Reading / References

Notes

In this section we will review some of the key Python data structures and describe suitable uses for them. This is not meant to be a complete introduction to Python, but only a refresher of some key ideas, with an emphasis on how information may be stored in Python and the consequences of different storage decisions.

Lists, Tuples and Dictionaries

Regardless of the programming language of choice, there are some common types used when representing data. They come in two flavors:

Lists

Chances are you are already quite familiar with lists.

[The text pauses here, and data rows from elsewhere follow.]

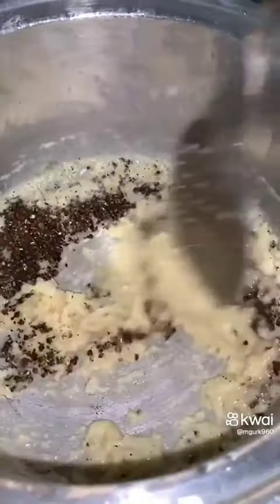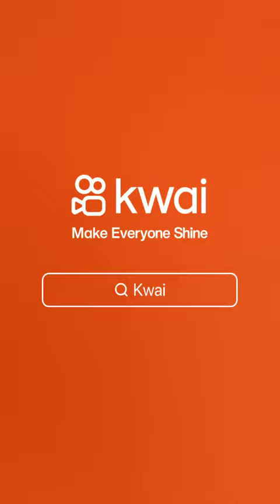This is our white sauce base. We will mix it well and add the cream for a flavorful white sauce. Let it combine in the pan with the sauce.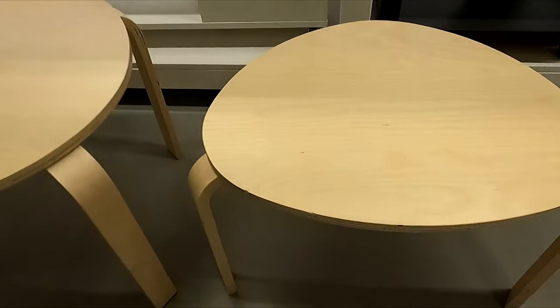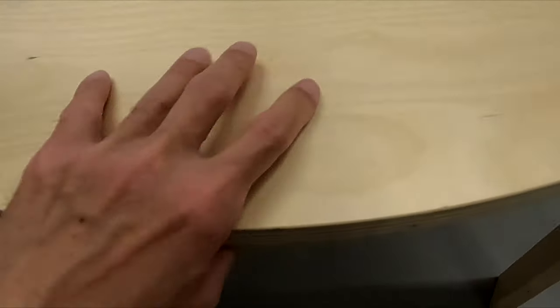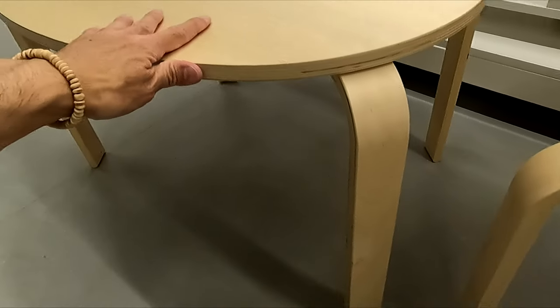Here's a look at the IKEA Savalston nesting tables set of two in birch veneer. These tables have a nice modern look to them and are made of layer glued wood and plywood.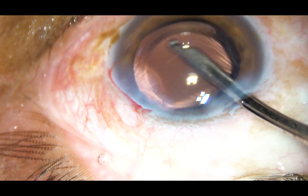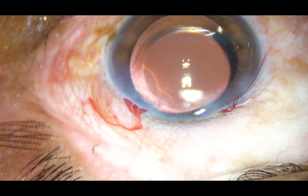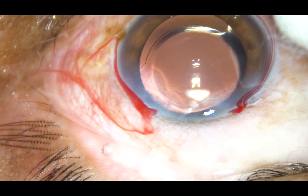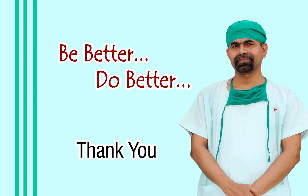The surgery is done. You can see that the anterior capsular rim has overlapped the optic of the intraocular lens all around, indicating that it is a good rhexis. Thank you very much for watching. The aim of these videos is to inspire you to improve your skills. Hope this video will help you in your practice.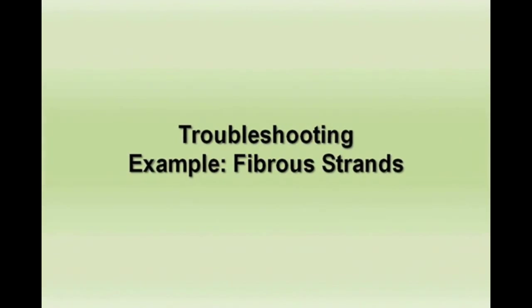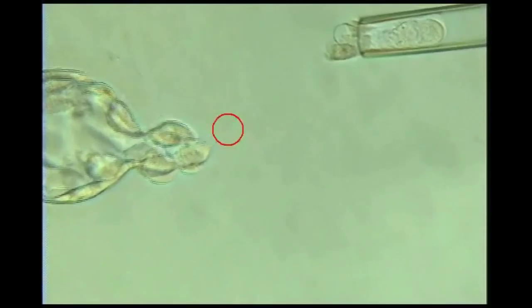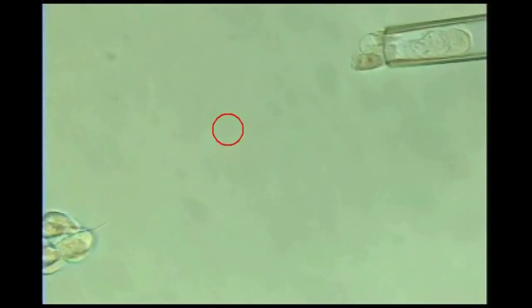A troubleshooting example of fibrous strands. Note the strand connecting the biopsy sample to the embryo. No laser pulses are administered — rather, manual pulling releases the sample.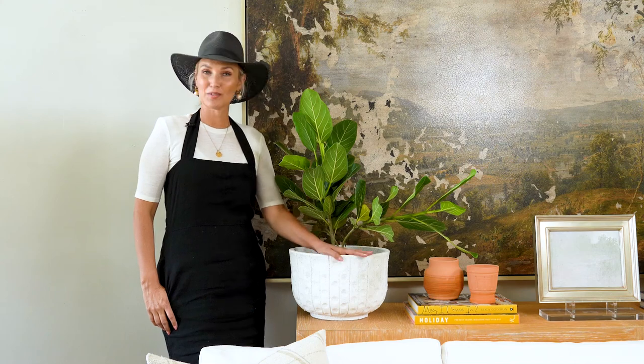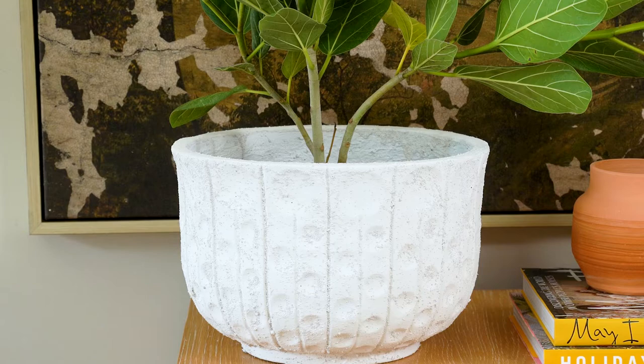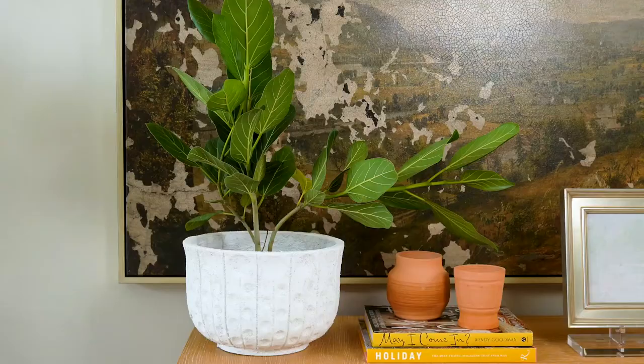I'm here with our Bolzano dot planter. Really beautiful. We're 9 inches tall, 14 inches in diameter, and it's really big. You can put this inside or outside on your front porch, scattered with a few other like pots.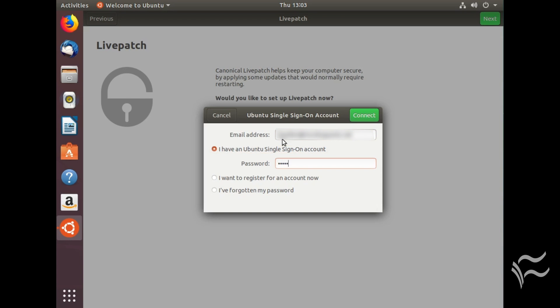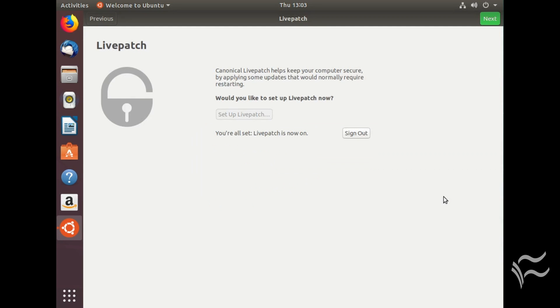You will be prompted for your sudo password. The resulting window will require you to enter your Ubuntu single sign-on account information. Enter your email address and password for your account and hit Enter. Once the Livepatch system connects, it will return to the wizard screen indicating you are all set.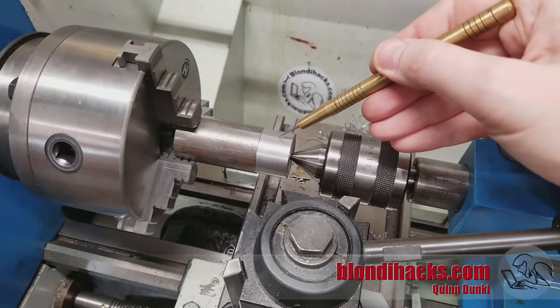So that is surface finishes in a nutshell. I hope you found something useful here, and please do consider supporting me on Patreon — there's a link down in the description. We will see you next time, thanks for watching.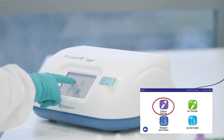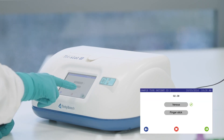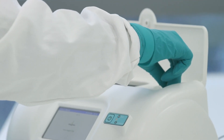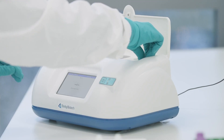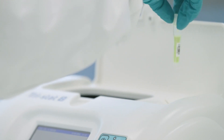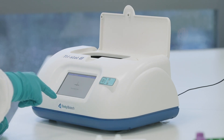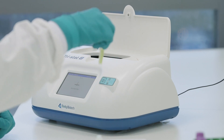Next, press Patient sample. Input the patient ID and select which source the sample is from, venous or finger stick. Lift the lid and place the tube into the scanner with the barcode facing towards you. Rotate if necessary until the success message appears. Place the tube into a test position with the barcode facing the back right corner. Press the green icon to add another reagent tube and repeat this process for a second and third tube.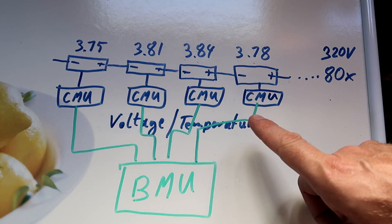So how does the balancing work? Whoever designs battery management systems can do this in two different ways. They can either use an active or a passive balancing system for the pack.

As a simple example, we could have a list containing the names of all teams in our conference (data obtained from http://www.heartlandconf.org/:

teams = ["HANOVER", "MOUNT ST. JOSEPH", "ROSE-HULMAN",
         "TRANSYLVANIA", "ANDERSON", "BLUFFTON",
         "FRANKLIN", "EARLHAM", "MANCHESTER", "DEFIANCE"]
teams[2]   # Rose-Hulman
teams[2:4] # A "slice" of entries 2 through 4

for team in teams:
    print(team)

# Creating a new empty list then copying the elements over
# This is meant as an example. Do NOT copy lists this way.
# Use teams.copy() instead.
teamsCopy = list()
for team in teams:
    teamsCopy.append(team)

Tuples

May not have used tuples before, but they are quite useful in putting together heterogeneous but coupled elements.

t = ("HANOVER", 14, 4)
t[0]   # <-- "HANOVER"
(name, wins, losses) = t  # multiple assignment
name, wins, losses = t    # also works

As a longer example, we could combine lists and tuples. For example we may have a list of tuples, and process it in a for-in loop with multiple assignment:

results = [
    ("HANOVER", 14, 4), ("MOUNT ST. JOSEPH", 14, 4), ("ROSE-HULMAN", 14, 4),
    ("TRANSYLVANIA", 12, 6), ("ANDERSON", 9, 9), ("BLUFFTON", 8, 10),
    ("FRANKLIN", 7, 11), ("EARLHAM", 6, 12), ("MANCHESTER", 4, 14),
    ("DEFIANCE", 2, 16)
]

for team, wins, losses in results:
    print("%s: %d Wins, %d Losses" % (team, wins, losses))
# Alternative:
for tuple in results:
    print("%s: %d Wins, %d Losses" % tuple)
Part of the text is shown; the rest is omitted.